● WHAT IS REQUIRED
The answer should be an exact copy of the data.

Segment Open

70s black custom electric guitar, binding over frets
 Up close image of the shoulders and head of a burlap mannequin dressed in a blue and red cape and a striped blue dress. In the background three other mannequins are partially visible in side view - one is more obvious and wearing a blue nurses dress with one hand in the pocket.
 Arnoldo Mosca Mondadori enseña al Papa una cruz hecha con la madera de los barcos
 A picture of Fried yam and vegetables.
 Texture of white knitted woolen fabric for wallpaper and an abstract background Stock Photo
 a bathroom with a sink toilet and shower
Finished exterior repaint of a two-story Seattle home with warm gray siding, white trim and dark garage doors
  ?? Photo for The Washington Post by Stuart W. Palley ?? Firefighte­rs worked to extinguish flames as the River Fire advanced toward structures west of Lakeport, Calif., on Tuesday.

Segment Closed

● PROBLEM SOLUTION
70s black custom electric guitar, binding over frets
 Up close image of the shoulders and head of a burlap mannequin dressed in a blue and red cape and a striped blue dress. In the background three other mannequins are partially visible in side view - one is more obvious and wearing a blue nurses dress with one hand in the pocket.
 Arnoldo Mosca Mondadori enseña al Papa una cruz hecha con la madera de los barcos
 A picture of Fried yam and vegetables.
 Texture of white knitted woolen fabric for wallpaper and an abstract background Stock Photo
 a bathroom with a sink toilet and shower
Finished exterior repaint of a two-story Seattle home with warm gray siding, white trim and dark garage doors
  ?? Photo for The Washington Post by Stuart W. Palley ?? Firefighte­rs worked to extinguish flames as the River Fire advanced toward structures west of Lakeport, Calif., on Tuesday.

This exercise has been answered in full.